%%

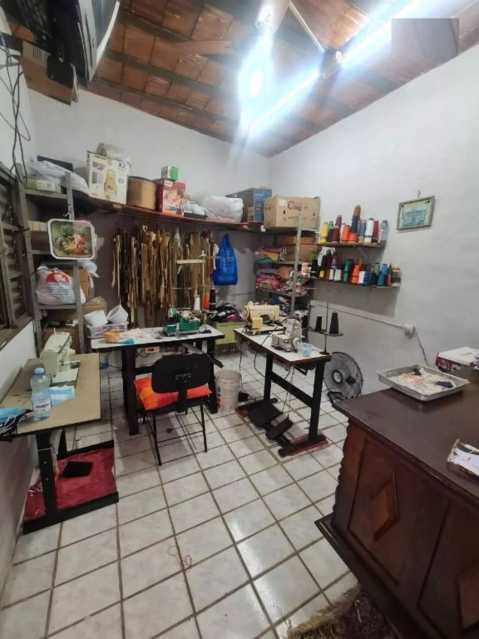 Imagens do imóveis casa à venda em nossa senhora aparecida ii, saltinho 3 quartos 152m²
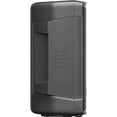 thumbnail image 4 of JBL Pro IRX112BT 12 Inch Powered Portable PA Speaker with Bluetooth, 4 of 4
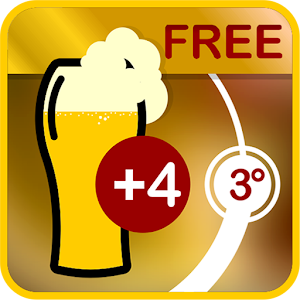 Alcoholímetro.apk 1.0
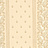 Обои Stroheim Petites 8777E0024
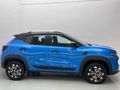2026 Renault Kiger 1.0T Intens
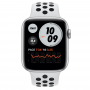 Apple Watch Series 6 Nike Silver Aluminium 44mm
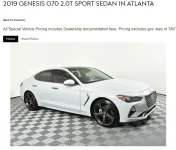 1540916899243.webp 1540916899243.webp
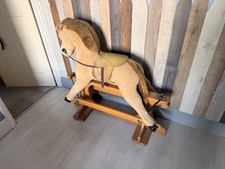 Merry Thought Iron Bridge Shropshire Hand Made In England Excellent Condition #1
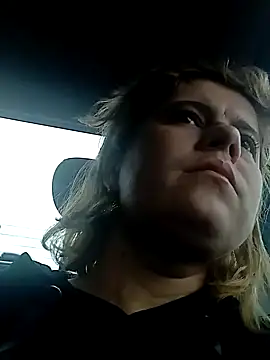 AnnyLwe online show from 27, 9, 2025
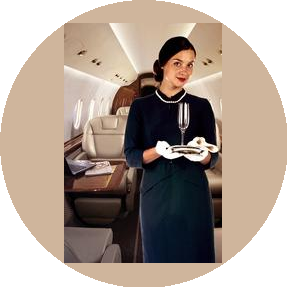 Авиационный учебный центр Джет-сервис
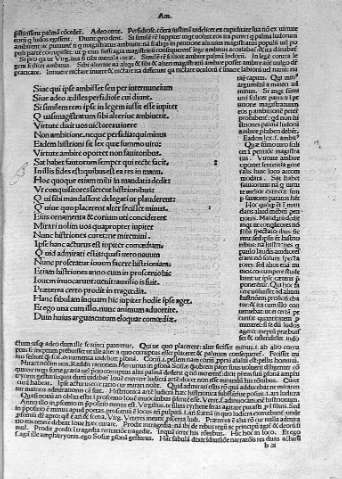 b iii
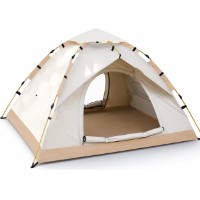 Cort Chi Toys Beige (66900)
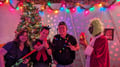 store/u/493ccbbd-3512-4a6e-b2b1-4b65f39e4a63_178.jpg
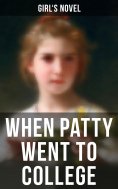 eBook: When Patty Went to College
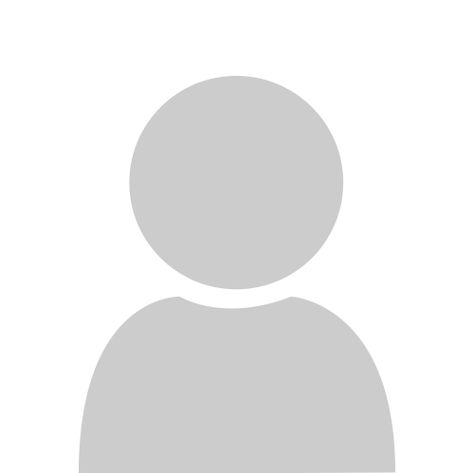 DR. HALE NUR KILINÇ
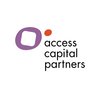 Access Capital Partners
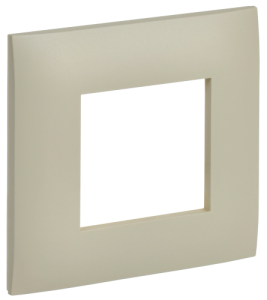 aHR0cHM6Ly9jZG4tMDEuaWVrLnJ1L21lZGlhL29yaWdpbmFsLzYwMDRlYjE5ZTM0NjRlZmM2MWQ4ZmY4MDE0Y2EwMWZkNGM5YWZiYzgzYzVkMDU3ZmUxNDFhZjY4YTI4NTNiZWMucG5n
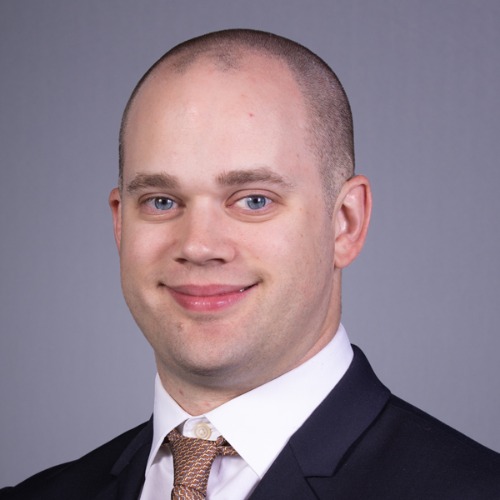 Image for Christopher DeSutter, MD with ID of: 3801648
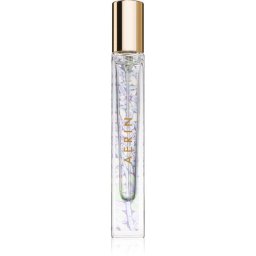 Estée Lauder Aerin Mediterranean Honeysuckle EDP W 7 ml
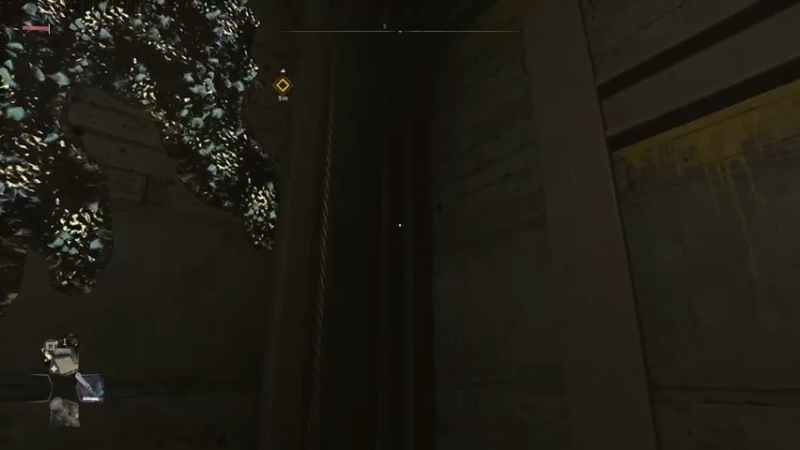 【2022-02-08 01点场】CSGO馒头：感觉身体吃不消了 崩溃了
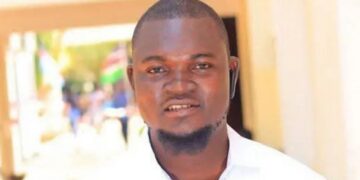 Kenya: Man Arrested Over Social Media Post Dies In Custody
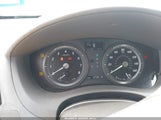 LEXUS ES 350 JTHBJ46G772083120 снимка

%%

Could you set down, exactly as written, every line from the one with "Image for Christopher" to the end of the data, both ends included? Leave out the pictures.

→ WRITTEN RESPONSE:
 Image for Christopher DeSutter, MD with ID of: 3801648
 Estée Lauder Aerin Mediterranean Honeysuckle EDP W 7 ml
 【2022-02-08 01点场】CSGO馒头：感觉身体吃不消了 崩溃了
 Kenya: Man Arrested Over Social Media Post Dies In Custody
 LEXUS ES 350 JTHBJ46G772083120 снимка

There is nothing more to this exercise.